What you are asked to do |
Look through the material below. Return exactly the lines from the one with "Simone Eggstein, Grafiker" through the one with "THE TOOL LAB", both included.

Input for this task |
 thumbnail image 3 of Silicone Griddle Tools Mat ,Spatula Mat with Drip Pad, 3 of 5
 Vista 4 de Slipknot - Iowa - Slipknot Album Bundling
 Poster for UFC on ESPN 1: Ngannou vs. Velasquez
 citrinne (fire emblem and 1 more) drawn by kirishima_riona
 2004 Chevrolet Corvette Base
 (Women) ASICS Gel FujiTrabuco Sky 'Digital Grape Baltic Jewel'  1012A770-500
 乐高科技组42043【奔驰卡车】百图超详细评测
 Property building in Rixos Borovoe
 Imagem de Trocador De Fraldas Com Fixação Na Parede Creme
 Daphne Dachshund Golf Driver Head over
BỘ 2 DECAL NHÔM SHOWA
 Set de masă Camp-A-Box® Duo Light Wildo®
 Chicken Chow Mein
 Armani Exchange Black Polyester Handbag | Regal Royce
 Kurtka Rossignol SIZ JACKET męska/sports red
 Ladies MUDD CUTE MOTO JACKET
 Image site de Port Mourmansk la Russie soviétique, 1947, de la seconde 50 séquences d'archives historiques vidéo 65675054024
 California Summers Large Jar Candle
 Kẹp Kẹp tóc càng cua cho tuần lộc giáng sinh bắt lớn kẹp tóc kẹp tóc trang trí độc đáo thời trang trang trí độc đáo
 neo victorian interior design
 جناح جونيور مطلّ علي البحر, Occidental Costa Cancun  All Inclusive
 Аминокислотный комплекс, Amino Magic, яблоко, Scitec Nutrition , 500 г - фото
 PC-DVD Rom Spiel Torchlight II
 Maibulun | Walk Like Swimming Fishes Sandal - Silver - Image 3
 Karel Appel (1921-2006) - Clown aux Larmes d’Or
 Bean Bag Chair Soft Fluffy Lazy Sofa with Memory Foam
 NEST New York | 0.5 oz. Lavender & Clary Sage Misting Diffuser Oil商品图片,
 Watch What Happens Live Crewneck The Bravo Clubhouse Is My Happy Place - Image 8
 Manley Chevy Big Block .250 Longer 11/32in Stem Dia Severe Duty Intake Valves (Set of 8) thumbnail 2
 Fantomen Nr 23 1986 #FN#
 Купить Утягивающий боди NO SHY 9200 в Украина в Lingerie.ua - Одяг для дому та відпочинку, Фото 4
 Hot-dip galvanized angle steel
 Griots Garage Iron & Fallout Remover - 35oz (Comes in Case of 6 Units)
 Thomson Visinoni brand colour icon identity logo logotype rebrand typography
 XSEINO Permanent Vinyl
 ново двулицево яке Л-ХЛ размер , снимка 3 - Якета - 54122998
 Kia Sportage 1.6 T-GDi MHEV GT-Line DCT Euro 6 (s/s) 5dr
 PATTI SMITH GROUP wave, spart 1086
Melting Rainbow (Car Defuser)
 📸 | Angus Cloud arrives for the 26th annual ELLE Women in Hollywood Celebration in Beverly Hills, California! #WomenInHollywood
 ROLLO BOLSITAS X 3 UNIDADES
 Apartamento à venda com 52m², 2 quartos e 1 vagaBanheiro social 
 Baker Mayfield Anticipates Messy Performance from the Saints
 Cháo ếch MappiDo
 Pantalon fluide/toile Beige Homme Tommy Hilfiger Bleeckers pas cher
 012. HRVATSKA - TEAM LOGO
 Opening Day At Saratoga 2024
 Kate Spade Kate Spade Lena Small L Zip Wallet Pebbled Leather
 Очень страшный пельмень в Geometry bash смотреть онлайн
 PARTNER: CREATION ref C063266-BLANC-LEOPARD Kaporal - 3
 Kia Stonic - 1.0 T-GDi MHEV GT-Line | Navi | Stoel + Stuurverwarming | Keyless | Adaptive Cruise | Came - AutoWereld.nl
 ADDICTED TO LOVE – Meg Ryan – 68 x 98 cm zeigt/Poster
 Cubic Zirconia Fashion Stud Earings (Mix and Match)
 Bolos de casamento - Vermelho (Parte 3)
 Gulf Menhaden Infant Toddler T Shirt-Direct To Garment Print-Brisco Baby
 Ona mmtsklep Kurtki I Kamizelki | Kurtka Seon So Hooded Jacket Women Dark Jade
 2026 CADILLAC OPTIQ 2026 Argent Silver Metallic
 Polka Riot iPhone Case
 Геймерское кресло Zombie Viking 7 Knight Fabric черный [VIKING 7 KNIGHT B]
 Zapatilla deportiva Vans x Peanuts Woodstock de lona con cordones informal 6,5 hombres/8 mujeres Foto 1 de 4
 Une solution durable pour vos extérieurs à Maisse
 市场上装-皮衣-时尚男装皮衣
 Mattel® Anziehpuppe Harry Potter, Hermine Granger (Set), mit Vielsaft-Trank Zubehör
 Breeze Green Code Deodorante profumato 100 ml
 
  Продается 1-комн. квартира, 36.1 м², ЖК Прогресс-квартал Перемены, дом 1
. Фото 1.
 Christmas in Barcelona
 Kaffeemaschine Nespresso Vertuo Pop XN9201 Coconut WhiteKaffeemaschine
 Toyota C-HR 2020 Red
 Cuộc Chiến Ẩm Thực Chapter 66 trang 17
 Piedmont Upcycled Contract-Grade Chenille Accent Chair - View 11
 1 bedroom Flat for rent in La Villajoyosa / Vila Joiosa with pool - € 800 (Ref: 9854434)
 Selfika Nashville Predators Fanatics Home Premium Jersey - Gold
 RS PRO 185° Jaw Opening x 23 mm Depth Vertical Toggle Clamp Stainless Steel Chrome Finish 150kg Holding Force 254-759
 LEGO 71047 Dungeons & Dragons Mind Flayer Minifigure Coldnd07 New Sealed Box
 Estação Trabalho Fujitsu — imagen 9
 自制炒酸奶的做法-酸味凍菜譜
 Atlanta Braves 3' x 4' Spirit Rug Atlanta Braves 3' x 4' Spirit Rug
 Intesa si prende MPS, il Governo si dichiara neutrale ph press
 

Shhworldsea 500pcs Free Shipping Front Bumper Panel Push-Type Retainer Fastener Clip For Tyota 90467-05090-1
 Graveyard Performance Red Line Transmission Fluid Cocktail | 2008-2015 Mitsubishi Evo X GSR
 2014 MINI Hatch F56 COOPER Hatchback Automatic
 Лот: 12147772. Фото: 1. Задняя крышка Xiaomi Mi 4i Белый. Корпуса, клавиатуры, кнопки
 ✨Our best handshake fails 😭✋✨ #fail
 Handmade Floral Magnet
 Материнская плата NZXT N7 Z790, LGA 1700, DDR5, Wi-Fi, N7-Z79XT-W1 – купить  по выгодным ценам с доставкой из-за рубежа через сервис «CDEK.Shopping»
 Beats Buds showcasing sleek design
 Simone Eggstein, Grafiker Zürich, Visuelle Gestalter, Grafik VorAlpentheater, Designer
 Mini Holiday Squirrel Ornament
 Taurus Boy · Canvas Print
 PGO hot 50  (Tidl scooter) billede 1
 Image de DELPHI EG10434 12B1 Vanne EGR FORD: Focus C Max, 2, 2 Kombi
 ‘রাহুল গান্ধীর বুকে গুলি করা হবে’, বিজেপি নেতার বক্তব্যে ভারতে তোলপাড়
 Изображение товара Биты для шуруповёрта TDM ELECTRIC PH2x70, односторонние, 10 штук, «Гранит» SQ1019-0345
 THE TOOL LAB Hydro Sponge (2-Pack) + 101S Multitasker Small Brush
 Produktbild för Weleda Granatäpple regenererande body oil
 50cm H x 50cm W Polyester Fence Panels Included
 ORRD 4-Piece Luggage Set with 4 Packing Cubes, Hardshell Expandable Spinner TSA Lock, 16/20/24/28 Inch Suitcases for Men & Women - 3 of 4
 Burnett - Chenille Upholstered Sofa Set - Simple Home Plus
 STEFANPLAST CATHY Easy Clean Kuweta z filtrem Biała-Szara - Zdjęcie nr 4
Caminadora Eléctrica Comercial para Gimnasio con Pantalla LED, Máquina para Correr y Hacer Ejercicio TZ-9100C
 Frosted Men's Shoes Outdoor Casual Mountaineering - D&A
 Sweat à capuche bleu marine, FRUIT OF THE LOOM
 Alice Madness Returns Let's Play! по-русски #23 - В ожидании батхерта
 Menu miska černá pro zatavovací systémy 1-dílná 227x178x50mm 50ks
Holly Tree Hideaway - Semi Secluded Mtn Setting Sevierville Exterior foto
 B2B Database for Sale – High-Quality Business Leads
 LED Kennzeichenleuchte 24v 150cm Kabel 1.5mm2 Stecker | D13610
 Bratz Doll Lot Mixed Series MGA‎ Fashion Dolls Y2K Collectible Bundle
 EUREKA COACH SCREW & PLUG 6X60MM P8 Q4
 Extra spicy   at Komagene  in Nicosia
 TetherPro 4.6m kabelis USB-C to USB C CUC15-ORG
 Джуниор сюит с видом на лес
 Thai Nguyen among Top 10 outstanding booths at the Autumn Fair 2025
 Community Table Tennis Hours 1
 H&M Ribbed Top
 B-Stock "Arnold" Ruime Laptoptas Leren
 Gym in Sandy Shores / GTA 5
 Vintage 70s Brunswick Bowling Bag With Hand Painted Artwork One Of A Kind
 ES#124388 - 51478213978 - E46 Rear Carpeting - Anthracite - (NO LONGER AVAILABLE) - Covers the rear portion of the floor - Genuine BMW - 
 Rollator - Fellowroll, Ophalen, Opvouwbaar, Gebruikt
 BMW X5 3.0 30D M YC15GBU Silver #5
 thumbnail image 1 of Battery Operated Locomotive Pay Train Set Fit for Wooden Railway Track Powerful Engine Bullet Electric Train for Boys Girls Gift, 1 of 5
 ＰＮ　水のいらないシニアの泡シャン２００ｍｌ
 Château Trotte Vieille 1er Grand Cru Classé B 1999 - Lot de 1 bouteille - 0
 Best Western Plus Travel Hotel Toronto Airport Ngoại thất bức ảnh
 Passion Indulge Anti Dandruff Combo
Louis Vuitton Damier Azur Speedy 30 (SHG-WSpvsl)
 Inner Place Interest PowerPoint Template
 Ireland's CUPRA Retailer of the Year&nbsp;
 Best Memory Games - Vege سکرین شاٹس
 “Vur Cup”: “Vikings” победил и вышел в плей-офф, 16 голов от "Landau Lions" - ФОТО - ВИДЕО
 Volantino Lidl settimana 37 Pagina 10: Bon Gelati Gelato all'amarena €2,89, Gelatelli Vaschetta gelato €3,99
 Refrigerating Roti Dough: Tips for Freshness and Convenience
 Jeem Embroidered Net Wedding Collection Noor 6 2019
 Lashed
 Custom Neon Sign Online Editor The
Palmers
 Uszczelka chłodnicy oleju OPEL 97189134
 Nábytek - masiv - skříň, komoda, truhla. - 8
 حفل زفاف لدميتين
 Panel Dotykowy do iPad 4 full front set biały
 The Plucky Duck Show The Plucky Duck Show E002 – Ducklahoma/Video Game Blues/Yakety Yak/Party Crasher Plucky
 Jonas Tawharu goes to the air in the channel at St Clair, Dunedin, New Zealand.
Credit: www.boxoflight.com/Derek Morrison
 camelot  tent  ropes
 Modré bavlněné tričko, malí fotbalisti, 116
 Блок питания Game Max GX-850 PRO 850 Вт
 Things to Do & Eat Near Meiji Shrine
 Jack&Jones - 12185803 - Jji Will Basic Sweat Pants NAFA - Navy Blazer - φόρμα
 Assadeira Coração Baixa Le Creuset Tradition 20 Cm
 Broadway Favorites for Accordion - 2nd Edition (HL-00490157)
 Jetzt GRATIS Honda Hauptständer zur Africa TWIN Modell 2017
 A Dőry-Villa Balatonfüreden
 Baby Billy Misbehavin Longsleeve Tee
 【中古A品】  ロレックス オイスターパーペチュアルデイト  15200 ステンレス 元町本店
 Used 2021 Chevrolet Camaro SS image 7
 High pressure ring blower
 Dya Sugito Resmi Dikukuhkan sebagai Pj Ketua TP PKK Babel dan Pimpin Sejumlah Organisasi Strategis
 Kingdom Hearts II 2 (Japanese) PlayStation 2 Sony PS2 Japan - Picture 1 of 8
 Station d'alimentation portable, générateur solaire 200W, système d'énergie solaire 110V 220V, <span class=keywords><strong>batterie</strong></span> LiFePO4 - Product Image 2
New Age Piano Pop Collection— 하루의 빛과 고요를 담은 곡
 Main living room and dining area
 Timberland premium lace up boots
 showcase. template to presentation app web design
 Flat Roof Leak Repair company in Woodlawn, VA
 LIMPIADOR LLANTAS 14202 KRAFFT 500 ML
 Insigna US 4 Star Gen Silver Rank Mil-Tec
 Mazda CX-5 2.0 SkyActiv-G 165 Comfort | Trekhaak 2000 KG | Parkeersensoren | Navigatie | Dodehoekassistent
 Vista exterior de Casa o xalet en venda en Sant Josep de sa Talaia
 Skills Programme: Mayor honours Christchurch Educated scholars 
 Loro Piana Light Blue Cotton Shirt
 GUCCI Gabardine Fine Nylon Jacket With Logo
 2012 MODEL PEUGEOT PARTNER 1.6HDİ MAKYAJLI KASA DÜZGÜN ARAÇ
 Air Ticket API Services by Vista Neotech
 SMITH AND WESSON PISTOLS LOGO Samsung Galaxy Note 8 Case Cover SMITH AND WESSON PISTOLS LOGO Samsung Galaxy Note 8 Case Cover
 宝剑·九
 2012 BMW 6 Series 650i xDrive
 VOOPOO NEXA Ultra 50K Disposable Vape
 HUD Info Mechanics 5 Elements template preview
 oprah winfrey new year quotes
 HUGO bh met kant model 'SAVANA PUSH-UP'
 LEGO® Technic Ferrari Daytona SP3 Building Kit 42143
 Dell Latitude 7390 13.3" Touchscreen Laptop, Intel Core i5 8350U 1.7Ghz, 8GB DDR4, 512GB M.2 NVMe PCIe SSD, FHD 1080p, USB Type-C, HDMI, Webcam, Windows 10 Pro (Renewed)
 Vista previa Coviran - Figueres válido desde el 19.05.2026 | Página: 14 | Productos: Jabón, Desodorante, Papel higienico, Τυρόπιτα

Task solution |
 Simone Eggstein, Grafiker Zürich, Visuelle Gestalter, Grafik VorAlpentheater, Designer
 Mini Holiday Squirrel Ornament
 Taurus Boy · Canvas Print
 PGO hot 50  (Tidl scooter) billede 1
 Image de DELPHI EG10434 12B1 Vanne EGR FORD: Focus C Max, 2, 2 Kombi
 ‘রাহুল গান্ধীর বুকে গুলি করা হবে’, বিজেপি নেতার বক্তব্যে ভারতে তোলপাড়
 Изображение товара Биты для шуруповёрта TDM ELECTRIC PH2x70, односторонние, 10 штук, «Гранит» SQ1019-0345
 THE TOOL LAB Hydro Sponge (2-Pack) + 101S Multitasker Small Brush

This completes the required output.